A FLAVOR OF HOLIDAY TIME
The Rhône winds lazily through the heart of Lyon. It has come a long way before passing under the Pont de la Guillotière, the city’s oldest bridge. Rising from a Swiss glacier, its waters begin their journey in Lake Geneva. To the south, the river flows between the uplands – the Vercors, Monts du Vivarais, Ventoux and Cevennes – before reaching the sea via the Camargue delta. This indefatigable traveler deserves to slow down a bit as it passes through Lyon, just like the thousands of vacationers who throng the famous National Route 7.

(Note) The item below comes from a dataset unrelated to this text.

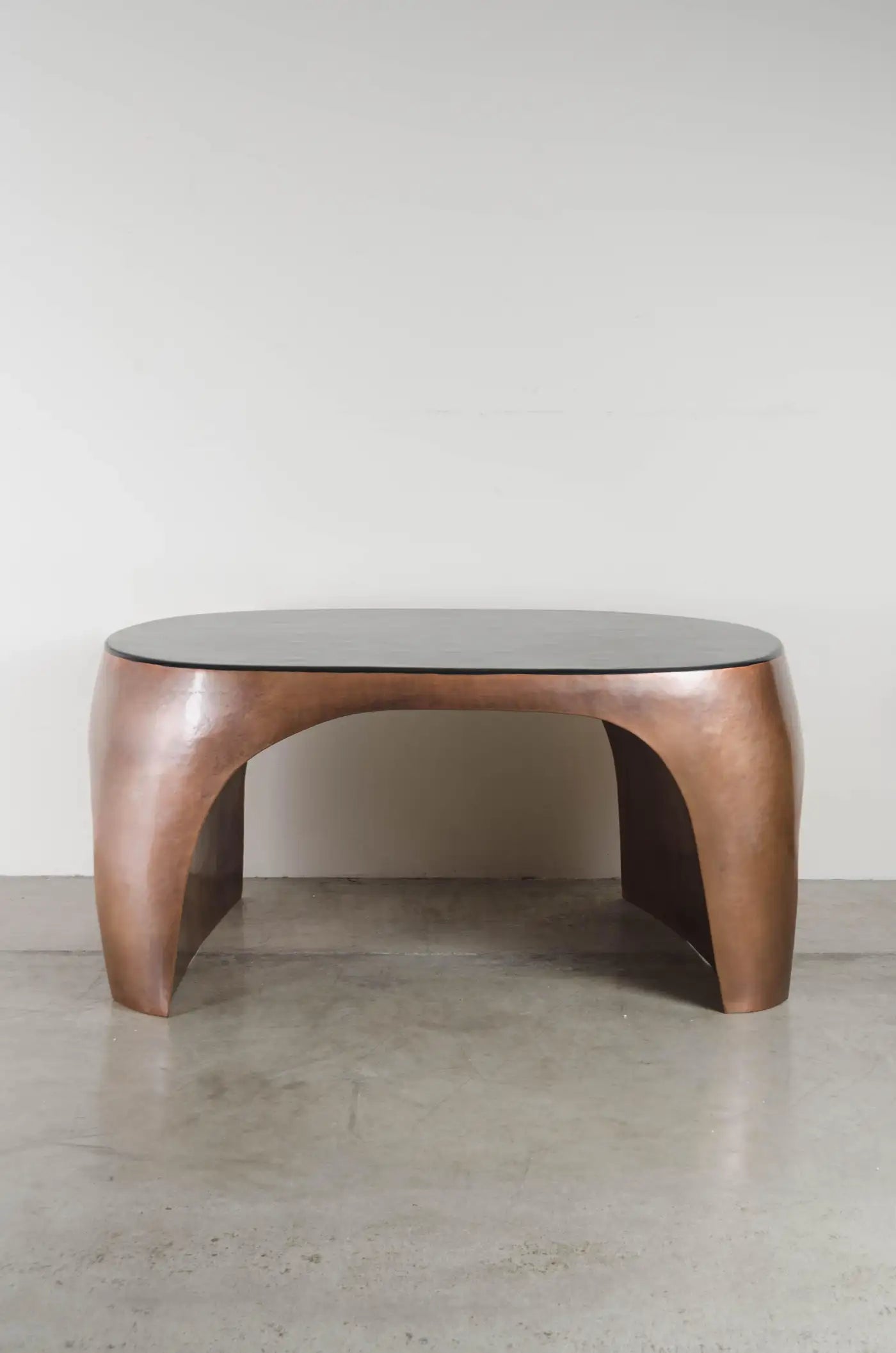 Modern coffee table with wooden base and glass top on a concrete floor.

The ancient capital of the Gauls, with its historic center crisscrossed by narrow streets of medieval and Renaissance houses, has much to offer the visitor. The great Curnonsky, the father of all food journalism, called Lyon the “world capital of gastronomy.” The city owes this reputation to its guinguettes – open-air eateries on the banks of the Saône – as well as the ambience of its famous bouchons, traditional restaurants serving quenelles, rosette salami and pistachio-studded sausages on red and white checked tablecloths… And above all to its mères (“mothers”), the hearty, talented women who define its cuisine: La Mère Brazier, the first woman to receive a three-star rating in 1933, her contemporary La Mère Bourgeois, who opened her restaurant in Bresse, or La Mère Guy, whose eel stew was highly prized in the 18th century.